TPA changes signal compliance crunch

THE FEDERAL Treasurer Peter Costello’s announcement last month that the Trade Practices Act 1974 is to be amended to include criminal sanctions has reinforced the need for compliance culture, a…

THE FEDERAL Treasurer Peter Costello’s announcement last month that the Trade Practices Act 1974 is to be amended to include criminal sanctions has reinforced the need for compliance culture, a leading lawyer said.

Bob Baxt AO, competition partner at Freehills, said Costello’s comments signalled the need for companies to start planning now for compliance with the new regime. Costello said that the Federal Government proposes to amend the law to make it a criminal offence for companies to engage in hard core cartel behaviour. Previously, cartel conduct has been classed as a civil breach of the TPA.

“It will be a criminal offence which will lead to a maximum term of imprisonment of five years and a fine for corporations, whichever is the greater of $10 million, or three times the value of the benefit that the cartel got from the illegal arrangement,” Costello said. “The purpose of these changes is to send an absolutely clear signal that this behaviour will not be tolerated. And if any executive would be tempted by the economic gain from entering into a cartel, they should know that they run the risk of imprisonment. We want to send an unmistakably clear signal to executives who might be tempted or to companies who might be tempted, that this kind of behaviour will not be tolerated.”
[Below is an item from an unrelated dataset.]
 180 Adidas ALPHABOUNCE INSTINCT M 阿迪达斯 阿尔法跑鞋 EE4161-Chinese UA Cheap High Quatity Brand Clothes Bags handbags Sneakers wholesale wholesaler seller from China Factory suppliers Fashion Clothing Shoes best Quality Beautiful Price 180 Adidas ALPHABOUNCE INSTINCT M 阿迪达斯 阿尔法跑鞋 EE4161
According to Baxt, those companies with a good compliance record have little to fear, and will be recognised as market leaders, but for those with something to hide, the consequences will stretch beyond corporate financial penalties. “Regulators such as the ACCC are increasingly seeking to ensure that, not only corporate entities, but responsible individuals are prosecuted when the law is contravened,” Baxt said. “The prospect of criminal convictions and custodial sentences for certain breaches of trade practices law brings into sharp focus the personal responsibilities being placed upon executives and directors.”

Costello said that the amendments would be subject to consultation and that that “will take some time”.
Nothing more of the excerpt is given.